** Your instructions **
Nothing but the lines from the top of the data to the line holding "Authentic Soft Lamb" should be printed, word for word and both ends included; leave the pictures out.

** Supplied information **
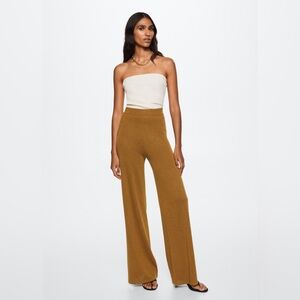 Side slit knit trousers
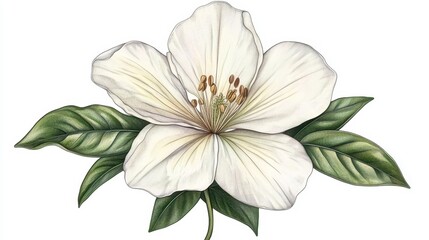 Fototapeta premium Vector illustration of a detailed front view sepal on a white background, highlighting botanical characteristics.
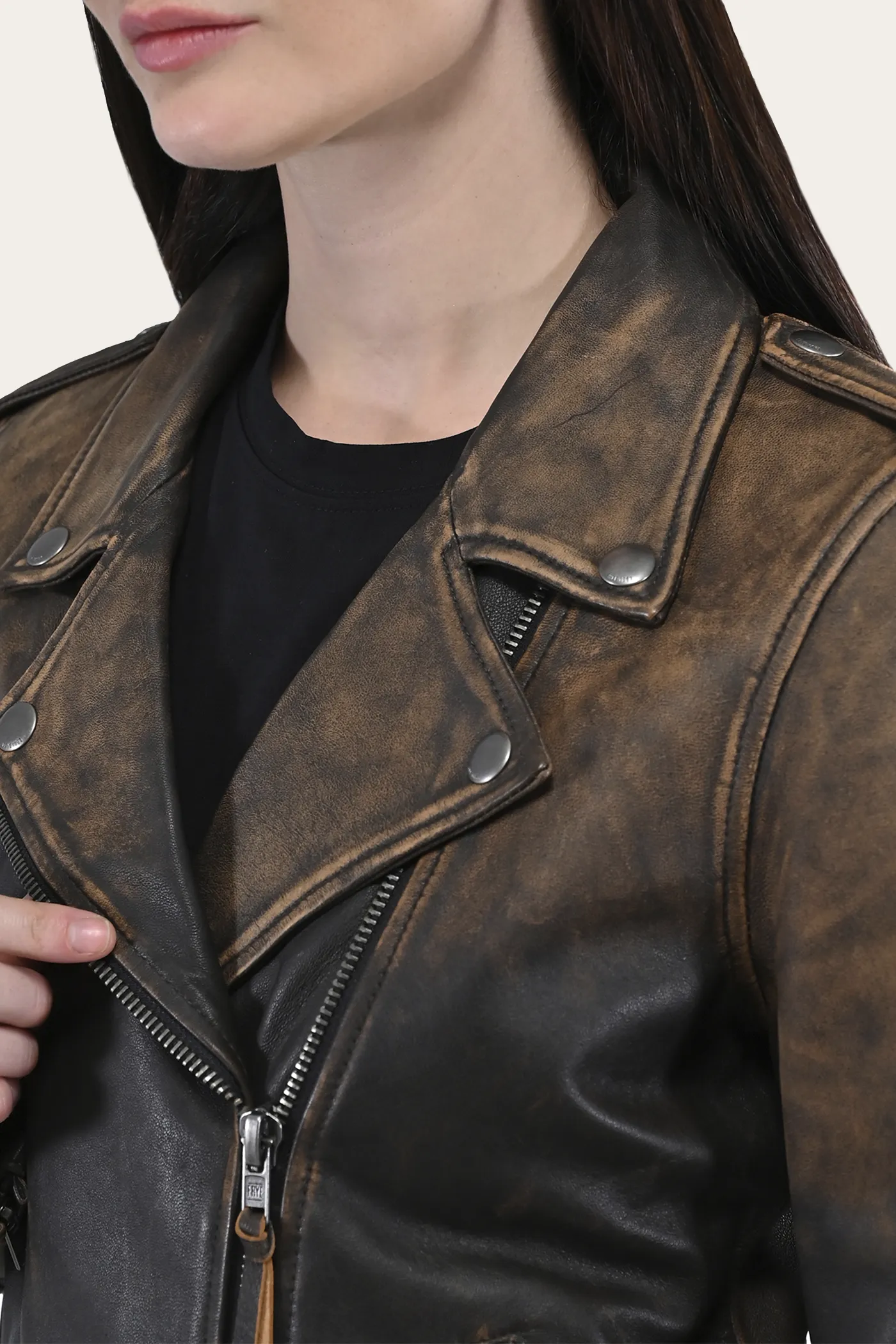 Authentic Soft Lamb Crackle Leather Biker Jacket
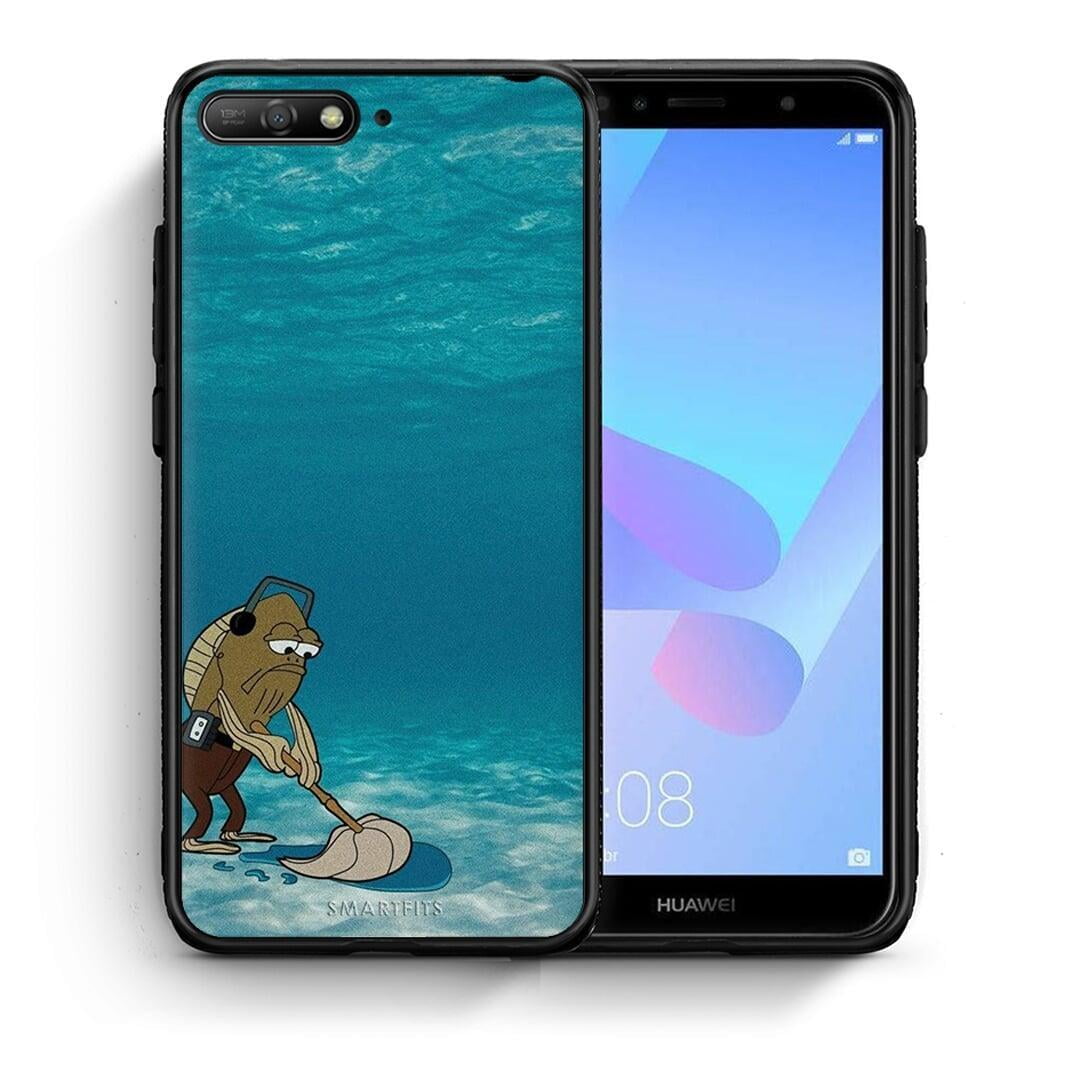 Θήκη Huawei Y6 2018 Clean The Ocean από τη Smartfits με σχέδιο στο πίσω μέρος και μαύρο περίβλημα | Huawei Y6 2018 Clean The Ocean case with colorful back and black bezels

** Your solution **
 Side slit knit trousers
 Fototapeta premium Vector illustration of a detailed front view sepal on a white background, highlighting botanical characteristics.
 Authentic Soft Lamb Crackle Leather Biker Jacket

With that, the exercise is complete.